[Ocfs2-devel] [PATCH] ocfs2/dlm: return DLM_CANCELGRANT if the lock is on granted list and the operation is canceled

Thu Feb 14 02:28:13 PST 2019

On 2019/2/14 18:25, piaojun wrote:
> Hi Changwei,
> 
> On 2019/2/14 17:59, Changwei Ge wrote:
>> Hi Jun,
>>
>> On 2019/2/14 17:09, piaojun wrote:
>>> Hi Changwei,
>>>
>>> The problem can't be solved completely if clear ::cancel_pending in
>>> dlm_proxy_ast_handler, as AST will come at anytime just before
>>> ::cancel_pendig is set. If there is not any other better solutions,
>>> could we accept this patch? This bug is very harmful.
>>
>> Um, I am recalling the problem this patch is trying to address...
>> If I miss something, please let me know.
>>
>> I read the patch again, it seems that NODE3 finds a lock on its _grant list_ with ::cancel_pending set, which makes dlm insane.
>> Actually, I don't like patches addressing problems killing BUG checks as it keeps the whole software consistent with its original design.
>> With those BUG checks, we can add feature and fix bugs in an elegant way.
> 
> I also agree this.
> 
>>
>> As we the lock is *already granted*, why not just check ::cancel_pending and if it is set, clear it and then move the lock to
>> grant list since cancellation obviously cant work anymore.
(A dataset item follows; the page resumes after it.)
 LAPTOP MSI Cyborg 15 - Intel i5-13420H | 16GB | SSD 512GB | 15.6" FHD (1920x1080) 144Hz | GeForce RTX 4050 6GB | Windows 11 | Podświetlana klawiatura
And I think we even don't have to worry about dlm_send_remote_unlock_request()
>> since message sending will fail anyway, but function will return NORMAL as NODE1 was *dead* already.
>>
>>
>> I admit that the problem reported truly exists and should be solved but the method is not in my favor. :-)
>> I have several reasons for your reference:
>> 1) My biggest concern is we should not remove the BUG check ( BUG_ON(i != DLM_CONVERTING_LIST) ),
>>      because it might violate the original ocfs2/dlm design making following maintenance work hard.
>> 2) As for another patch from Jian, it can't use LVB to boost performance that single locking procedure.
>>
>> I am providing a draft code for you and Jian's reference.
>>
>> root at ubuntu16:/home/chge/linux[master]# git diff
>> diff --git a/fs/ocfs2/dlm/dlmast.c b/fs/ocfs2/dlm/dlmast.c
>> index 39831fc..812843b 100644
>> --- a/fs/ocfs2/dlm/dlmast.c
>> +++ b/fs/ocfs2/dlm/dlmast.c
>> @@ -372,8 +372,11 @@ int dlm_proxy_ast_handler(struct o2net_msg *msg, u32 len, void *data,
>>           head = &res->converting;
>>           lock = NULL;
>>           list_for_each_entry(lock, head, list) {
>> -               if (lock->ml.cookie == cookie)
>> +               if (lock->ml.cookie == cookie) {
>> +                       if (lock->cancel_pending)
>> +                               lock->cancel_pending = 0;
> 
> I'm afraid that there is a case lock->cancel_pending is not set yet in
> dlmunlock_common, so this problem still exist.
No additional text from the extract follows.